EXERCISE REQUIREMENTS: All of the listing is to be written out word for word, with the pictures left out.

DATA SECTION:
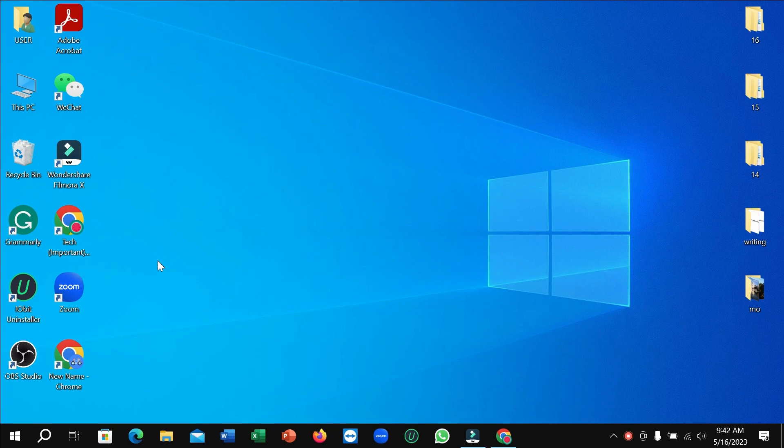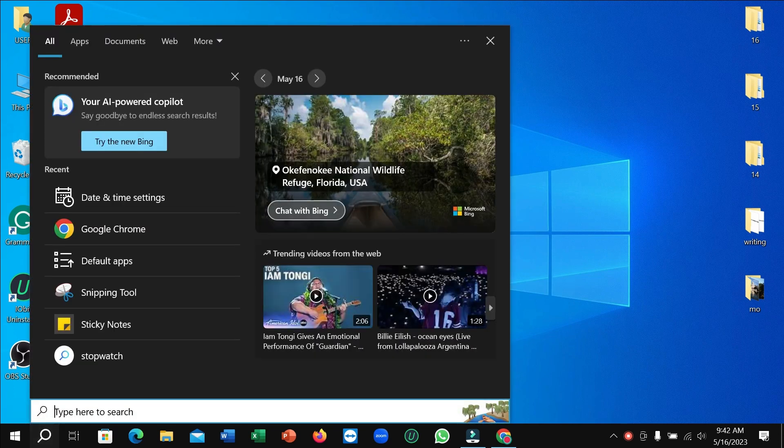Hello everyone, welcome back to my channel. Today in this video I'm going to show you how to change the time and date in your laptop. So let's begin. First of all, what you need to do is click on your search bar and then type 'time'.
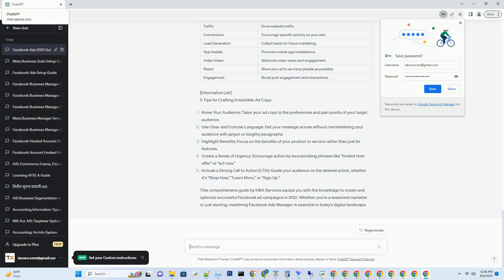Creating your account: Visit business.facebook.com and click on 'Create Account.' Follow the prompts to enter your business details, including name, address, and payment information.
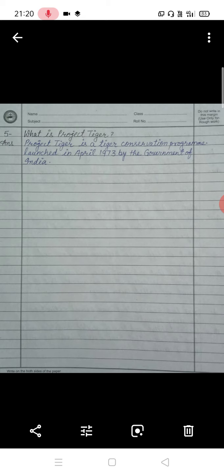The fifth question is: what is Project Tiger? Project Tiger is a tiger conservation program launched in April 1973 by the Government of India. It is a program where the Government of India has worked to conserve and protect tigers.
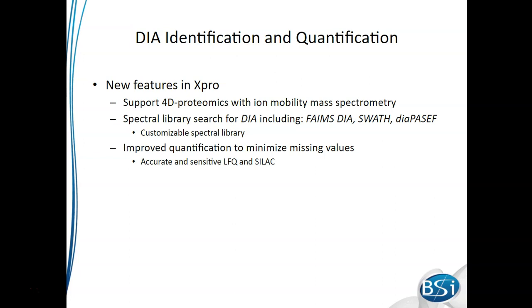Several different instrument vendors have their own way of dealing with ion mobility data, such as FAMES, SWATH, DIA Passive, and MSE. In PeaksX Pro, we support all of these. Also, we're able to support DIA data with ion mobility.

SOLVED PROBLEM:
Hello everyone, welcome back to my channel. Today in this video I'm going to show you how to change the time and date in your laptop. So let's begin. First of all, what you need to do is click on your search bar and then type 'time'.
Creating your account: Visit business.facebook.com and click on 'Create Account.' Follow the prompts to enter your business details, including name, address, and payment information.
The fifth question is: what is Project Tiger? Project Tiger is a tiger conservation program launched in April 1973 by the Government of India. It is a program where the Government of India has worked to conserve and protect tigers.
Several different instrument vendors have their own way of dealing with ion mobility data, such as FAMES, SWATH, DIA Passive, and MSE. In PeaksX Pro, we support all of these. Also, we're able to support DIA data with ion mobility.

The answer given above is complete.